Analytics/Systems/Dealing with data loss alarms

From Wikitech
Jump to navigation Jump to search

We monitor webrequest-dataloss for a given webrequest_source and hour using 2 mechanisms:

  • The percentage of rows not having a timestamp (dt = '-') should not exceed 0.2% (warning) / 1% (error).
  • The actual number of rows computed using count by hostname should match the expected one, computed using MAX(sequence) - MIN(sequence) by hostname (sequence being an incremental integer assign by varnish-kafka, by host). By match, we mean the difference should be smaller than 1% (warning) / 5%(error).

You can find which mechanism has triggered the alarm message by different means:

  • Reading the values in the file attached to the alarm-message (no preview available, need to download and open with a text-editor)
  • checking the wmf_raw.webrequest_sequence_stats_hourly and wmf_raw.webrequest_sequence_stats

Finally, two cases are possible:

  • The problem comes from too many rows without timestamp: Talk to either Luca or Andrew as a discussion with the Traffic-Team is probably needed (the dt = '-' happens on varnish or varnish-kafka).
  • The problem comes from a mismatch between the actual number of rows and the expected-one. For this last case, false-positive warning or errors can happen (sequence-numbers either present in previous or next hour). Follow the procedure below to check for false-positive.

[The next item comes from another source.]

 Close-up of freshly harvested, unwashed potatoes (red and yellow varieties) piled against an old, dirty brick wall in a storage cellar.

Example of trouble-shooting webrequest errors: https://phabricator.wikimedia.org/T208752

Check dataloss False positives[edit | edit source]

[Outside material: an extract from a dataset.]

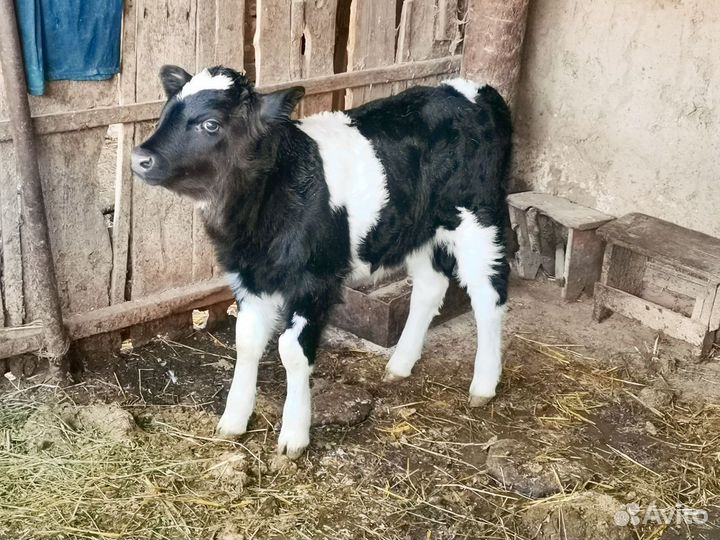 Продаётся бычок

It is possible that a data loss alarm is triggered because data for one hour appears on the previous or next hour. You can verify that with this scrip

  • if missing less than 1%, too small, don't worry about it (and normally no email is sent)
  • if missing more than 1% of data, an alert email is sent -- check if data-loss (hostname, sequence) are not a false positive
    • Wait until the hour AFTER the one in alert has been refined
    • Connect to stat1004 or stat1007
    • Run the following command with webrequest_source, year, month, day and hour updated accordingly to the alert
sudo -u hdfs spark2-sql --master yarn -S -f /srv/deployment/analytics/refinery/hive/webrequest/check_dataloss_false_positives.sparksql \
         -d table_name=wmf.webrequest   \
         -d webrequest_source=SOURCE    \
         -d year=YEAR                   \
         -d month=MONTH                 \
         -d day=DAY                     \
         -d hour=HOUR
  • If the output of this query contains rows that have the false_positivefield to false, there is real data-loss. Contact Andrew (ottomata), Luca (elukey) or Joseph (joal) to look more in details.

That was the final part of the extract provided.